Right, but not when you have several record constructors, which is more common in real world, with one empty one among them, and all record constructors are encoded as objects, and the empty one as an empty array... What's worse, it's not something that's easy to fix on the consumer side, as it's not a library.

Hence the need to be able to configure it, and it wasn't even difficult.

epoberezkin commented 12 months ago

Now we have a sum type that takes ~8min and 12gb RAM to compile FromJSON in GHC 9.6.2... Sad times.

Any idea if/when it can be resolved? Could we help by sponsoring the solution a bit?

Also, the same question re #926 - any chance we can sponsor it? As the current SingleFieldObject isn't compatible with the main environment that uses it...

phadej commented 12 months ago

Could we help by sponsoring the solution a bit?

You can contact my employer for options.
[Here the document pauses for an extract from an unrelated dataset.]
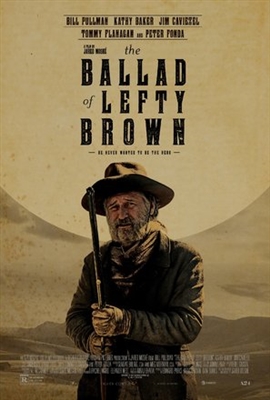 The Ballad of Lefty Brown Poster with Hanger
Though I will hesitate to promise anything concrete. At best, you can have your own deriving which is tailored for your needs, i.e. is fast and does exactly what you need and not more. That's a direction I'd like to move aeson anyway (#933) as current configurable kitchen-sink deriving is not going to do what you (and everyone else) want and be fast at compile and generated code.

epoberezkin commented 12 months ago

Thank you!

You can contact my employer for options.

And here I was hoping it's somebody's individual project :)

In any case, moving just couple of types to TH improved compilation time and memory a lot - any known issues with it?

Also, any chance we could support nullaryToObject (#933)? The current default is not usable with Swift, unfortunately.

Also, any pointers where it would fit in TH - a quick glance through the code didn't suggest an obvious way to add it, so just added {_nulary :: Maybe Int} to the empty constructors for now...